Most recent kernel where this bug did not occur: swsusp never worked for me before 2.6.13-rc3 or so, and I noticed the fan problem alongside swsusp working. Distribution: Debian testing Hardware Environment: TP 600X, latest BIOS Software Environment: dmidecode etc. output (from a slightly different kernel, but same DSDT/BIOS) is at Bug #4989 Problem Description: After rebooting from swsusp, the fan stays on no matter what I do. Normally the fan behaves well (turning on only when the temperatures exceed trip points). After the reboot, the system knows the temperatures are low enough, and that no active cooling is reported: Thermal 1: ok, 40.0 degrees C Thermal 2: ok, 38.0 degrees C Thermal 3: ok, 34.0 degrees C Thermal 4: ok, 36.0 degrees C But /proc/acpi/fan/FN*/state shows 'on' for all the fans (I think there's only one actual fan, but as far as the ACPI layer imagines it there may be >1), and they are definitely on and noisy. The air coming out is quite cool. Echoing '0' or 'off' to the 'state' file doesn't do anything. Reloading all the ACPI modules (fan, battery, etc.) doesn't help. Steps to reproduce: Boot into X, swsusp, then reboot. Listen for fan!

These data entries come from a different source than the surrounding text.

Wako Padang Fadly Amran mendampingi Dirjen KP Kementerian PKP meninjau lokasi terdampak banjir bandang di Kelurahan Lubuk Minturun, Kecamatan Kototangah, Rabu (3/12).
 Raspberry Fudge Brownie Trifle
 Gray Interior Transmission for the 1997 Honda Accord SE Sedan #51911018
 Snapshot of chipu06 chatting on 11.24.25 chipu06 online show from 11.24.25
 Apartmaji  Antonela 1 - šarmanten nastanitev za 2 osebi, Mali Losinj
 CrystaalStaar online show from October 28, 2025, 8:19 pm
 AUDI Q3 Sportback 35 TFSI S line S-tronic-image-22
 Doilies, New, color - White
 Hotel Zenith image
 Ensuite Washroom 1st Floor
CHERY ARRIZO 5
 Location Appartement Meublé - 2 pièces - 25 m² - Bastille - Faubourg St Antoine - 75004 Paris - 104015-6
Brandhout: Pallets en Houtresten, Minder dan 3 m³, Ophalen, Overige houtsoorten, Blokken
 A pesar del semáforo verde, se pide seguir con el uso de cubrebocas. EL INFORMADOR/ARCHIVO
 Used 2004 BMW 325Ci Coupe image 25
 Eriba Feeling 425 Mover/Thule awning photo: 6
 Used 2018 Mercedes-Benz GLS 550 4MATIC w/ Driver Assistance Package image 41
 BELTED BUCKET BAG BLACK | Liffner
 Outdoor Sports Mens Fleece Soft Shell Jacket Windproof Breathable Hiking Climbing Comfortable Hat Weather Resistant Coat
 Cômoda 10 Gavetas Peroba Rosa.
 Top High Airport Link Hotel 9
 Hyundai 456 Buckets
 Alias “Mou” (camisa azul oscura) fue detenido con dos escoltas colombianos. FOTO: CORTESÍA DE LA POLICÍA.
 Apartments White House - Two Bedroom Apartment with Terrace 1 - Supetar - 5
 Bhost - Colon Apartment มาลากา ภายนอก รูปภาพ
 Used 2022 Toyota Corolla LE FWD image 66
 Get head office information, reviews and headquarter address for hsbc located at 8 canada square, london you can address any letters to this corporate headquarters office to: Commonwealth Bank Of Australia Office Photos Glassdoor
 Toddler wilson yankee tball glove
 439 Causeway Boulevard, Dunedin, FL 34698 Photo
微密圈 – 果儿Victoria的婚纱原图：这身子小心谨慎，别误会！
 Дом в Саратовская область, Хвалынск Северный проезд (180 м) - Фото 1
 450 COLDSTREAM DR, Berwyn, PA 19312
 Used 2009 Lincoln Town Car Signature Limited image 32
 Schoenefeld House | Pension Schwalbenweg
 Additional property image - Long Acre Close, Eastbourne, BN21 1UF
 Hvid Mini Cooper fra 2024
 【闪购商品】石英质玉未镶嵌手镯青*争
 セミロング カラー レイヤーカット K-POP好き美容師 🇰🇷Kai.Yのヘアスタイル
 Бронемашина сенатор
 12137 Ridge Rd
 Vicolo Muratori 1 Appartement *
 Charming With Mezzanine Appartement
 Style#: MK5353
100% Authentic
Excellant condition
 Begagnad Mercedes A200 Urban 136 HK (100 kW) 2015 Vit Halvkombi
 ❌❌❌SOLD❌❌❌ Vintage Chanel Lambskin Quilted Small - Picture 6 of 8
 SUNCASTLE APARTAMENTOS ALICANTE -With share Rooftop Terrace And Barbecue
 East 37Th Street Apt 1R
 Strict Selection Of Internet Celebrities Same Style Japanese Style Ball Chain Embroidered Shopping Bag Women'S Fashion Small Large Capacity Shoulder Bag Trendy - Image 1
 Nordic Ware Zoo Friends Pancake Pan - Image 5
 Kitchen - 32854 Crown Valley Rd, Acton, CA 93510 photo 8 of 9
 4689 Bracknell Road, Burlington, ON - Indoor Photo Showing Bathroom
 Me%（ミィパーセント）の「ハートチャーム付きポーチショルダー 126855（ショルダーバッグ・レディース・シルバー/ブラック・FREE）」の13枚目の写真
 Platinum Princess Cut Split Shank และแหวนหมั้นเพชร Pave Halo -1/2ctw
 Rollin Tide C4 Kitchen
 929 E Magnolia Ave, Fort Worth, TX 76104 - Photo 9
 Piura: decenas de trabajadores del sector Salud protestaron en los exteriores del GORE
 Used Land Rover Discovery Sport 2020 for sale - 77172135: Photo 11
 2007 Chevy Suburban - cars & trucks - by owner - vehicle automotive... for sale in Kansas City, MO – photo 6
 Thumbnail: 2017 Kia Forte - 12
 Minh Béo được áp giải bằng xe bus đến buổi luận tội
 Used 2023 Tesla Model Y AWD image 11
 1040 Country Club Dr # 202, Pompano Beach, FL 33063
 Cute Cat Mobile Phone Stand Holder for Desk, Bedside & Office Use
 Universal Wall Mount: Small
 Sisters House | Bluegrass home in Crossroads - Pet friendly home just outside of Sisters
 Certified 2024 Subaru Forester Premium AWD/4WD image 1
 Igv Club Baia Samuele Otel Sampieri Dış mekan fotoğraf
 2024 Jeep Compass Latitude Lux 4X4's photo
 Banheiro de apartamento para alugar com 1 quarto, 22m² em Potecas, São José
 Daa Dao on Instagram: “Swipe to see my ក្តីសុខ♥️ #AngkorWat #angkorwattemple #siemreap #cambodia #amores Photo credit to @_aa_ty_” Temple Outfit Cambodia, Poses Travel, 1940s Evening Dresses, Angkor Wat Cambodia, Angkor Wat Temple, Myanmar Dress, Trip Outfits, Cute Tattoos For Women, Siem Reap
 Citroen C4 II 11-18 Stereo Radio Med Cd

If you build the ACPI fan support as a module and unload it while suspending, does it help at all? Regards, Nigel
Created attachment 5517 [details] syslog msgs with acpi_debug=0x1F A good idea, which I just tried. Alas, unloading the fan module doesn't help. I've attached the syslog msgs with acpi_debug=0x1F
Just tried with 2.6.13-rc5-git3 (with unloading and reloading the fan module). Almost the same problem as with -git2: Now it comes back with the fan always off. Like before, /proc/acpi/fan/FN*/state says they are all on. 'acpi -t' says thermal zone 2 is doing active cooling: # acpi -t Battery 1: charged, 100% Battery 2: charged, 100% Thermal 1: ok, 42.0 degrees C Thermal 2: active[0], 39.0 degrees C Thermal 3: ok, 33.0 degrees C Thermal 4: ok, 35.0 degrees C It should be doing active cooling, but it isn't. So -git3 is quieter but more dangerous than -git2 (which has the fan always on).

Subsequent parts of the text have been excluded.